Assignment → When you transcribe the data below, reproduce every line exactly and leave each picture out.

Given information →
+++++

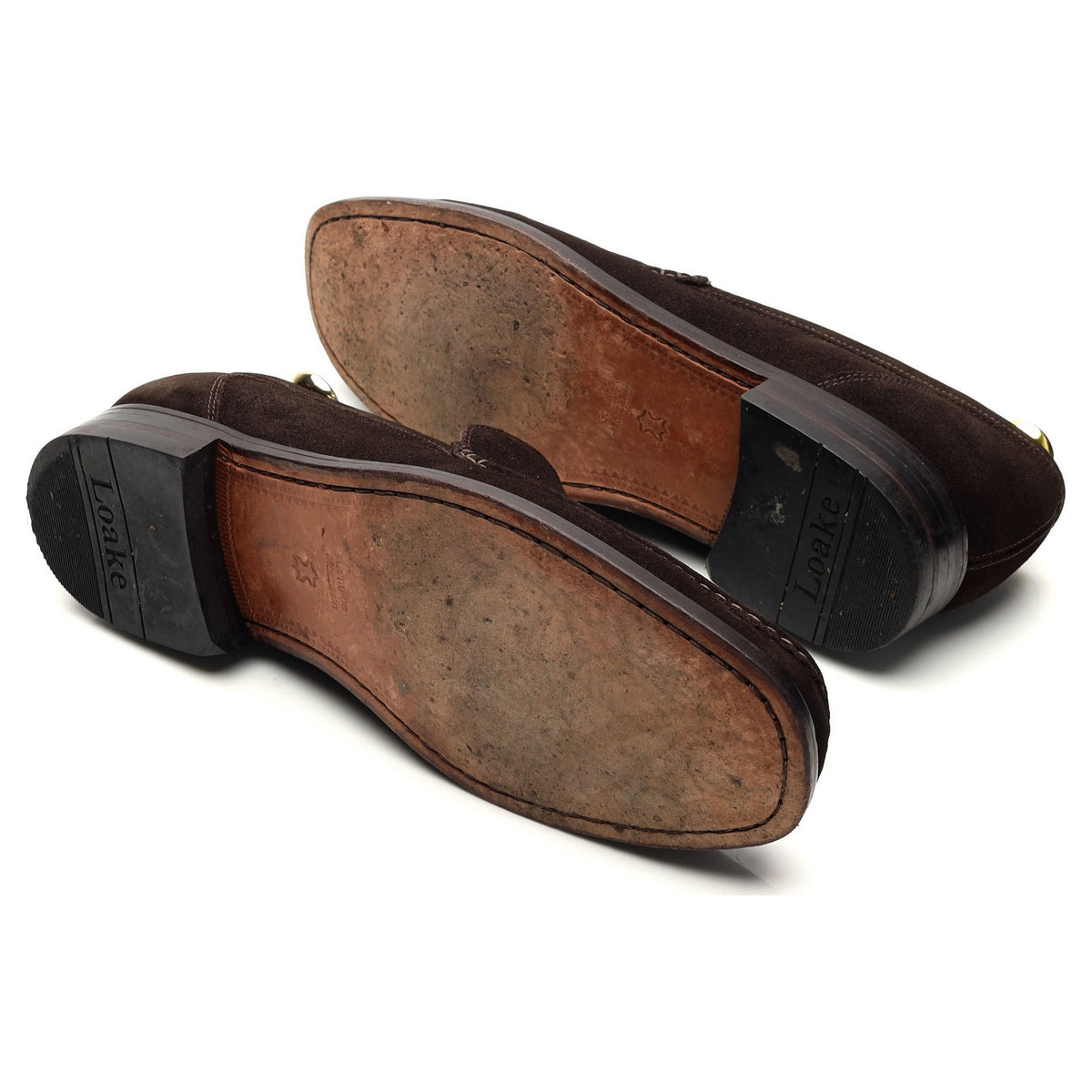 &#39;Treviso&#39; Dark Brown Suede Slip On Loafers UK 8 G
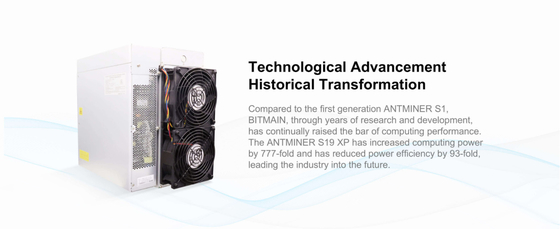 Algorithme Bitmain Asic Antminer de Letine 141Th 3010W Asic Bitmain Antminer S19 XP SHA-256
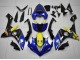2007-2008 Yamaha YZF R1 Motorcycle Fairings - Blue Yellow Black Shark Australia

+++++

Exercise output →
 &#39;Treviso&#39; Dark Brown Suede Slip On Loafers UK 8 G
 Algorithme Bitmain Asic Antminer de Letine 141Th 3010W Asic Bitmain Antminer S19 XP SHA-256
2007-2008 Yamaha YZF R1 Motorcycle Fairings - Blue Yellow Black Shark Australia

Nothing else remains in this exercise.